Aujourd'hui, Alain Juppé est beaucoup plus prolixe et se permet même de conseiller - ou plutôt de menacer - les nouvelles autorités rwandaises. Le ministre a mis en garde, lundi matin, sur les ondes d'une radio nationale, les autorités de Kigali contre toute « fausse manoeuvre ». Si le nouveau gouvernement se décidait à exercer son autorité sur la « zone humanitaire sûre », créée par la France en territoire rwandais, cela constituerait, aux yeux d'Alain Juppé, « une grave erreur psychologique et politique ».
Ah, que le cours des choses aurait peut-être été bouleversé, si ce genre d'admonestation avait été adressé lorsque les extrémistes régnaient sur le pays au temps de la dictature d'Habyarimana. Mais, à l'époque, Alain Juppé, son gouvernement comme celui qui l'avait précédé ne trouvaient rien à redire aux appels aux meurtres lancés par les hommes du pouvoir.
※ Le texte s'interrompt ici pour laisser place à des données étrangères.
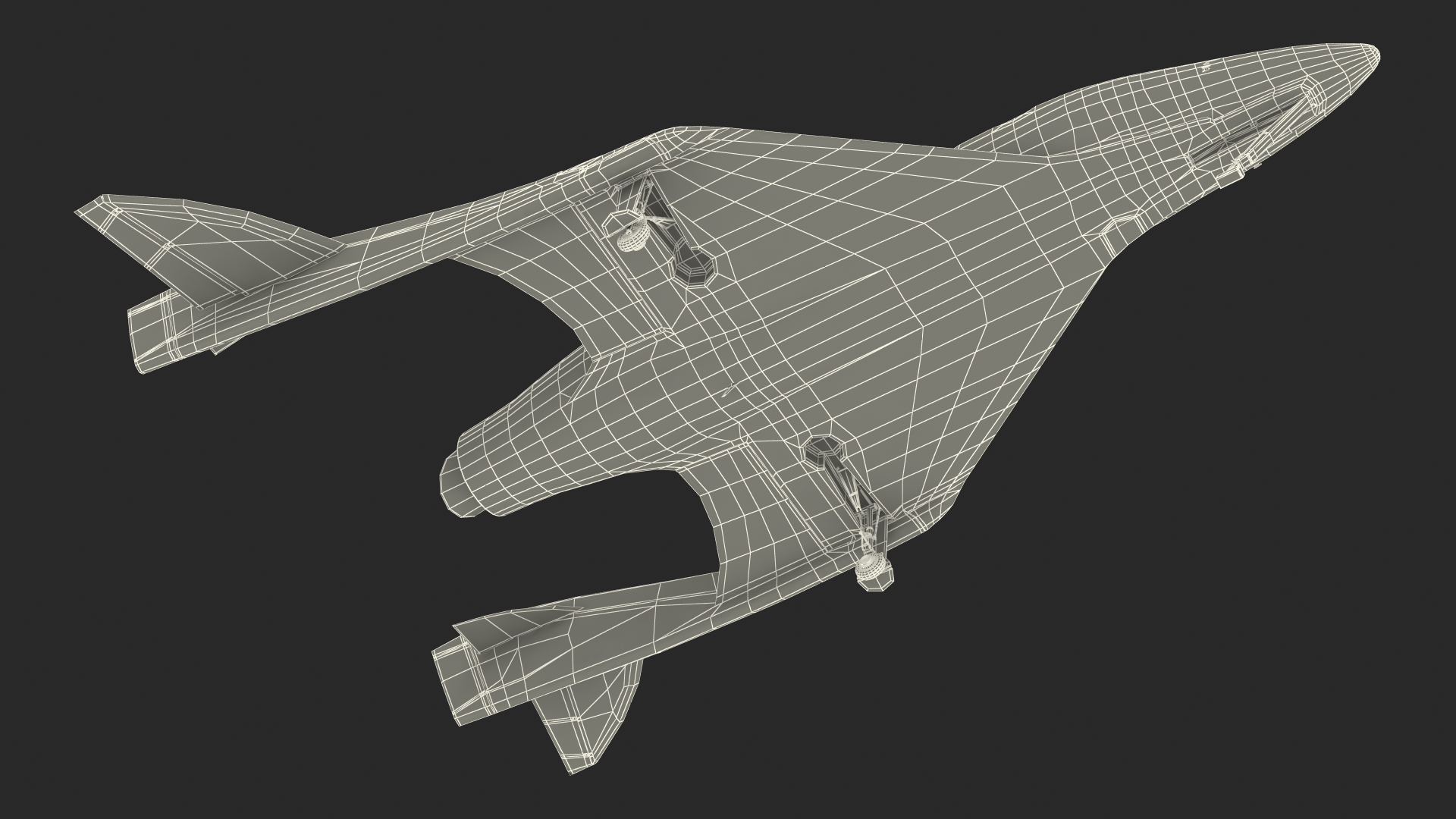 3D VSS Imagine Virgin Galactic SpaceShip III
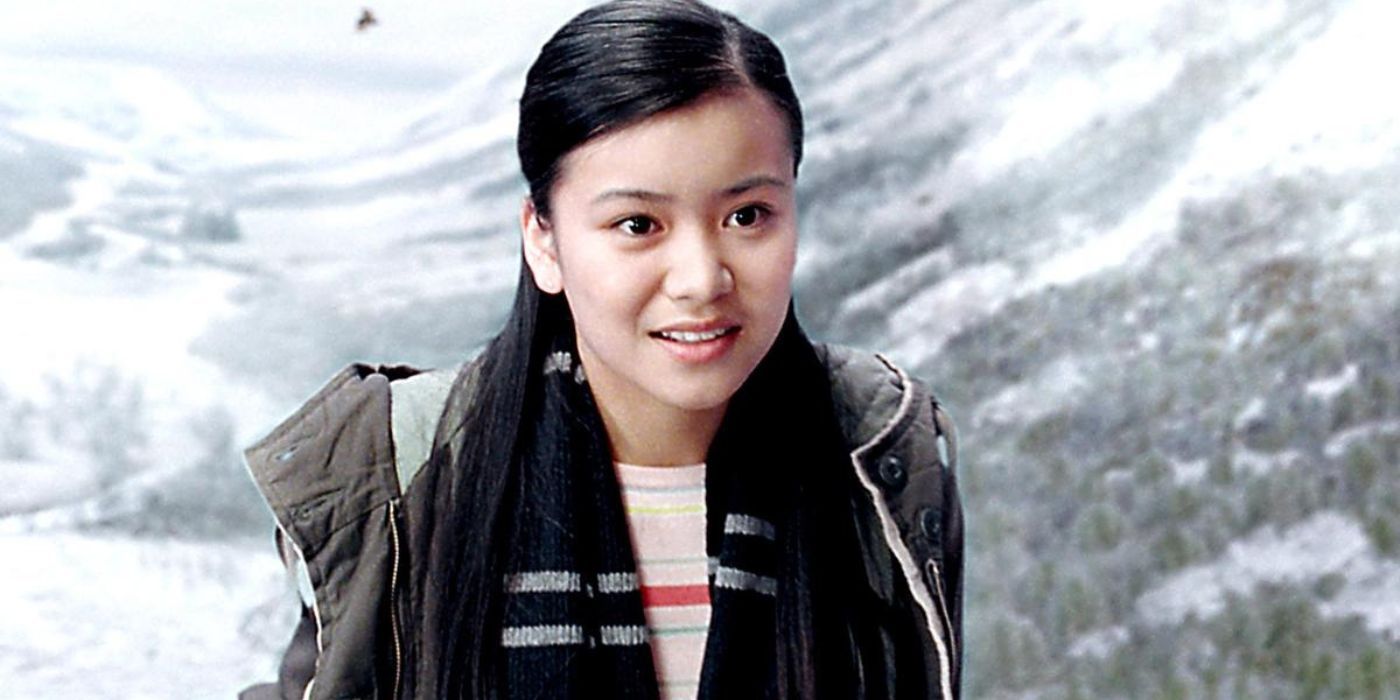 Cho Chang smiling softly in Harry Potter and the Goblet of Fire.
L'attitude récente de Paris aurait dû inciter le ministre à plus de réserve et, surtout, à plus d'humilité. Par ses propos, Alain Juppé a contribué à disqualifier encore un peu plus la France aux yeux des démocrates rwandais. Le Rwanda n'a pas besoin des leçons d'un ministre français, mais d'une « assistance massive, seule condition d'une reprise de l'activité productive », comme le rappelait il y a deux semaines dans les colonnes de « l'Humanité » le nouveau président rwandais, Pasteur Bizimungu. Et il ajoutait : « Avec la France, nous cherchons à reconstruire des rapports de coopération et de solidarité fondés sur la compréhension et non sur le paternalisme ou le diktat ».